*What you will do*
Every line holding the string "Cable" should be copied from the listing.

━━━━━━━━

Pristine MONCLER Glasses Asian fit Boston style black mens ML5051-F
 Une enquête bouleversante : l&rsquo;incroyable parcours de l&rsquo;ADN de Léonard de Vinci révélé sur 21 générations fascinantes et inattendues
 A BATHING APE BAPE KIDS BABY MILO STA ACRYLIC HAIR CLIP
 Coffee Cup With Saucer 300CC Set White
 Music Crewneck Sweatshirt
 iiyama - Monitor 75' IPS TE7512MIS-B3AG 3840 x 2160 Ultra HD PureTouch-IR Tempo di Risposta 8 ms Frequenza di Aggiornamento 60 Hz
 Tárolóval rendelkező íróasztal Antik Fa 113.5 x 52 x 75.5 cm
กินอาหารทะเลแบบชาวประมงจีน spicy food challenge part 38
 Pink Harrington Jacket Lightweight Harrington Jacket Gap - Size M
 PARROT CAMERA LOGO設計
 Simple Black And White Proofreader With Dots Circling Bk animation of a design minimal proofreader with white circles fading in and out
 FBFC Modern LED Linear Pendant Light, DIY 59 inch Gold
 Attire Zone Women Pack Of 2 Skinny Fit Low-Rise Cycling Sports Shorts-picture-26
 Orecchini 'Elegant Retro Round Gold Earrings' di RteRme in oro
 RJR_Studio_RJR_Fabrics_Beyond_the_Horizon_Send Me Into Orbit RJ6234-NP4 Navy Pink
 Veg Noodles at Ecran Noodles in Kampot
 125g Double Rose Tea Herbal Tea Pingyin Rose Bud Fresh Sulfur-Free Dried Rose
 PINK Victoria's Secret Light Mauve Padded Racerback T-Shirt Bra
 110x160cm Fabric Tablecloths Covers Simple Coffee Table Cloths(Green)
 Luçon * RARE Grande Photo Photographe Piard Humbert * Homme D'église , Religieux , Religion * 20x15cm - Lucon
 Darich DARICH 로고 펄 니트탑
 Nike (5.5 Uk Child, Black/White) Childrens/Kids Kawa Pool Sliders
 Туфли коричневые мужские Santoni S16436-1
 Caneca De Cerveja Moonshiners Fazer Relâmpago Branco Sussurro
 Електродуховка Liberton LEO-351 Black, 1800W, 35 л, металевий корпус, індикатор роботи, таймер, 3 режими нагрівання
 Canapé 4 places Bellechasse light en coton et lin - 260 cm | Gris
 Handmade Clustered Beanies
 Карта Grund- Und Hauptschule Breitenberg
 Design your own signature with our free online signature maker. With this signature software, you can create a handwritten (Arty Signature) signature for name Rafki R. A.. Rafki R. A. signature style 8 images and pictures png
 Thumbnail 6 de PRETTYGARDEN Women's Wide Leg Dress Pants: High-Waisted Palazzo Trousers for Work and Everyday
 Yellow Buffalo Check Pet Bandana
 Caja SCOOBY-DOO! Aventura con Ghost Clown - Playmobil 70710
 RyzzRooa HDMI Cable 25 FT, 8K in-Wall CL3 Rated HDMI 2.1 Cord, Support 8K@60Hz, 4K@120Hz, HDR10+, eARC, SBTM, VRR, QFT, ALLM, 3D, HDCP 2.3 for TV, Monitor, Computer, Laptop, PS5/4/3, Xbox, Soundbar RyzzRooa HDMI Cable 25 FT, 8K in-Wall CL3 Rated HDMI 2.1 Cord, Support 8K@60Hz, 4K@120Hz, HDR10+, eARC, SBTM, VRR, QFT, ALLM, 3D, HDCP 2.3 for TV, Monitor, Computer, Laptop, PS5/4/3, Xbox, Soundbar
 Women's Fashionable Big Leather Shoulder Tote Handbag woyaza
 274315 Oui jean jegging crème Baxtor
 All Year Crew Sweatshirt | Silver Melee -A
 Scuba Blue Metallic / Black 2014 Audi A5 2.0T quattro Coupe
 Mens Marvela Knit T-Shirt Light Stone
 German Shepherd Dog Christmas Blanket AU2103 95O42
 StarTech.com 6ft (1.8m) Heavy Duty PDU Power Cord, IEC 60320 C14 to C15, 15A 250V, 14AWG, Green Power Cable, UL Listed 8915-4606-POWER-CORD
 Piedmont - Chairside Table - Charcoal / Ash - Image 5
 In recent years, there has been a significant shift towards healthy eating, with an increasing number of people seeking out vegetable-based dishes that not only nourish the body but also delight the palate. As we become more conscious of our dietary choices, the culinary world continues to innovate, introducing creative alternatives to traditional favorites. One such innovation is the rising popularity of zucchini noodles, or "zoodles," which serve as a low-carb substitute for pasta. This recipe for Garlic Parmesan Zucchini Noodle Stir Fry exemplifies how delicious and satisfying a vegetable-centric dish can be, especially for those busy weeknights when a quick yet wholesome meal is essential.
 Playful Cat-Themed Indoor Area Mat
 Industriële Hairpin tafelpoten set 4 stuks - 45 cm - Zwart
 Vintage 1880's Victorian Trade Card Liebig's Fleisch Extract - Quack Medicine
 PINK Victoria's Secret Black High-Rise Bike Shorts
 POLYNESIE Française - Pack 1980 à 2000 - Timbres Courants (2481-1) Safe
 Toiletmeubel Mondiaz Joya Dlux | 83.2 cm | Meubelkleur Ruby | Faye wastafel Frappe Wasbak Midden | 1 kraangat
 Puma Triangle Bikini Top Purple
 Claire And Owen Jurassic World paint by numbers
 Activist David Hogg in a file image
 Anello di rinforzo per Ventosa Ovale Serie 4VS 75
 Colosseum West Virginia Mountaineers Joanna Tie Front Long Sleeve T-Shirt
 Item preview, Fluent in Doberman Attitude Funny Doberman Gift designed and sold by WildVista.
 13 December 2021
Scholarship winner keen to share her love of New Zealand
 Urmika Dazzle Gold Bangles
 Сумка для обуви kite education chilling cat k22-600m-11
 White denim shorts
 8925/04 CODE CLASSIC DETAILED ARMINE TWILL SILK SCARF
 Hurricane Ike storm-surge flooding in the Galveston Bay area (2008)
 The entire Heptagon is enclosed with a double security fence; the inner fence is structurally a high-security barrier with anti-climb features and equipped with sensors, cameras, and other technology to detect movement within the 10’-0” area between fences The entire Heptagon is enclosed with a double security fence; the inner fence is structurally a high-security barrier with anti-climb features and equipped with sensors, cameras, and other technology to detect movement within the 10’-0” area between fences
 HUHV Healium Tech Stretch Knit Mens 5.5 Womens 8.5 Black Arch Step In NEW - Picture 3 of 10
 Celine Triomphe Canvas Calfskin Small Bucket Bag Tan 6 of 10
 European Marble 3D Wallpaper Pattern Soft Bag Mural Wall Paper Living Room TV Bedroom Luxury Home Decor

━━━━━━━━

*Solution for this task*
 RyzzRooa HDMI Cable 25 FT, 8K in-Wall CL3 Rated HDMI 2.1 Cord, Support 8K@60Hz, 4K@120Hz, HDR10+, eARC, SBTM, VRR, QFT, ALLM, 3D, HDCP 2.3 for TV, Monitor, Computer, Laptop, PS5/4/3, Xbox, Soundbar RyzzRooa HDMI Cable 25 FT, 8K in-Wall CL3 Rated HDMI 2.1 Cord, Support 8K@60Hz, 4K@120Hz, HDR10+, eARC, SBTM, VRR, QFT, ALLM, 3D, HDCP 2.3 for TV, Monitor, Computer, Laptop, PS5/4/3, Xbox, Soundbar
 StarTech.com 6ft (1.8m) Heavy Duty PDU Power Cord, IEC 60320 C14 to C15, 15A 250V, 14AWG, Green Power Cable, UL Listed 8915-4606-POWER-CORD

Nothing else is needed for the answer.